▶ **WHAT YOU HAVE TO DO**: After locating the line with "Rio Olympics 2016: Pole" in the entries below, output it and each following line up to and including the line with "Gartenfreude Everfloor garden", exactly and without pictures.

====== RAW DATA

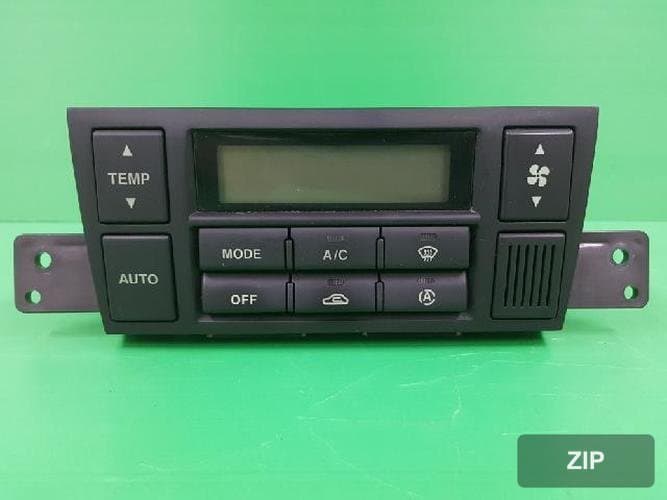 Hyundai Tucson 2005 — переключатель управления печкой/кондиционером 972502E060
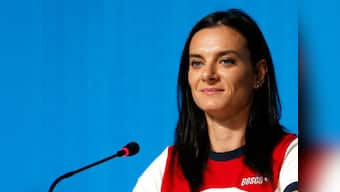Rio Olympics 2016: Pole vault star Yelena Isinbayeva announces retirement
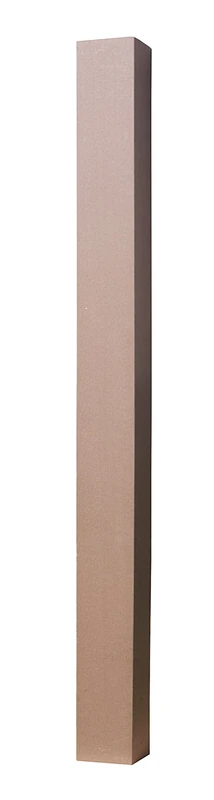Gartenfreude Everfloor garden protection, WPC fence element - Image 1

============
====== RAW DATA

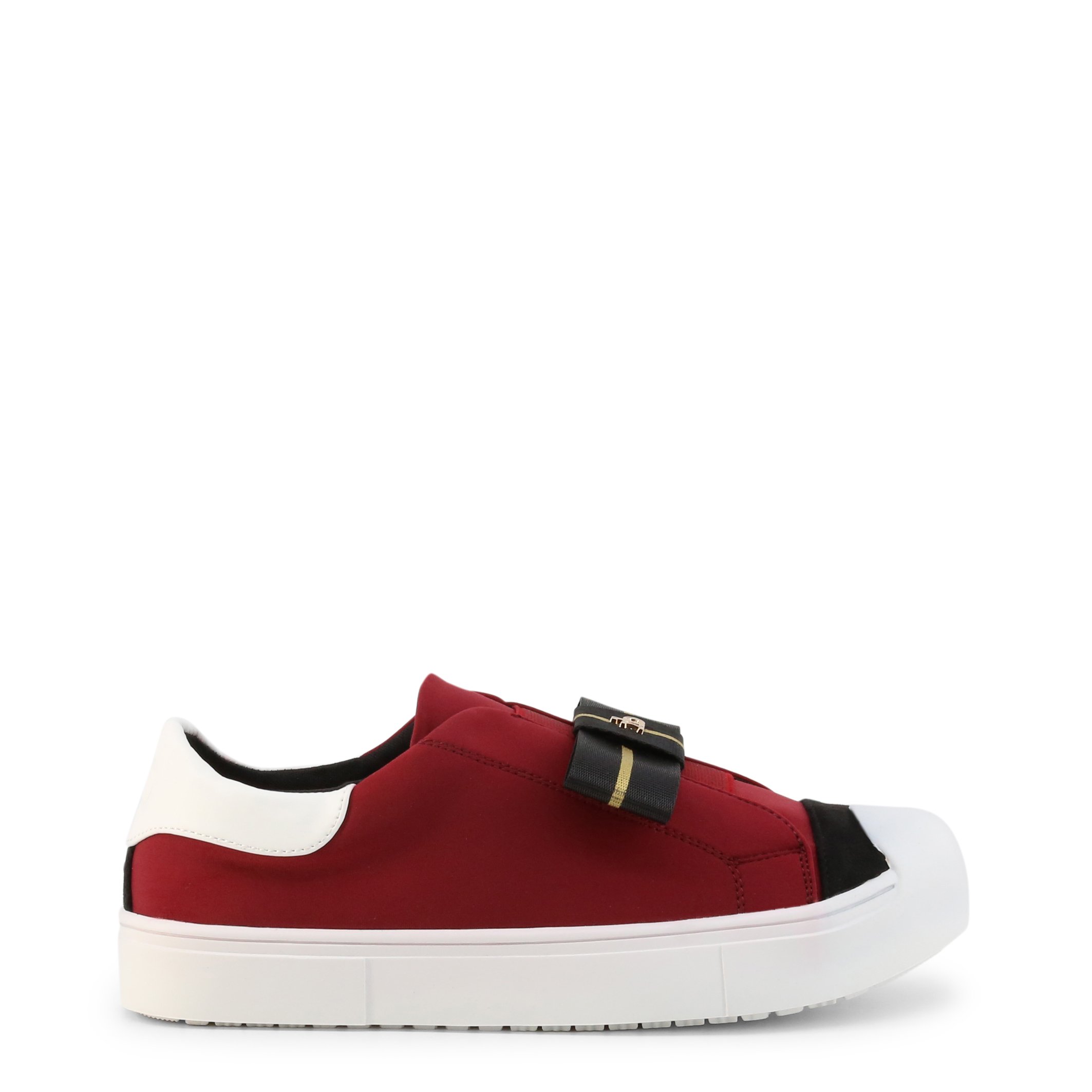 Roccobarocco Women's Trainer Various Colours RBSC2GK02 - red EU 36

============

▶ **SOLUTION FOR THIS TASK**:
Rio Olympics 2016: Pole vault star Yelena Isinbayeva announces retirement
Gartenfreude Everfloor garden protection, WPC fence element - Image 1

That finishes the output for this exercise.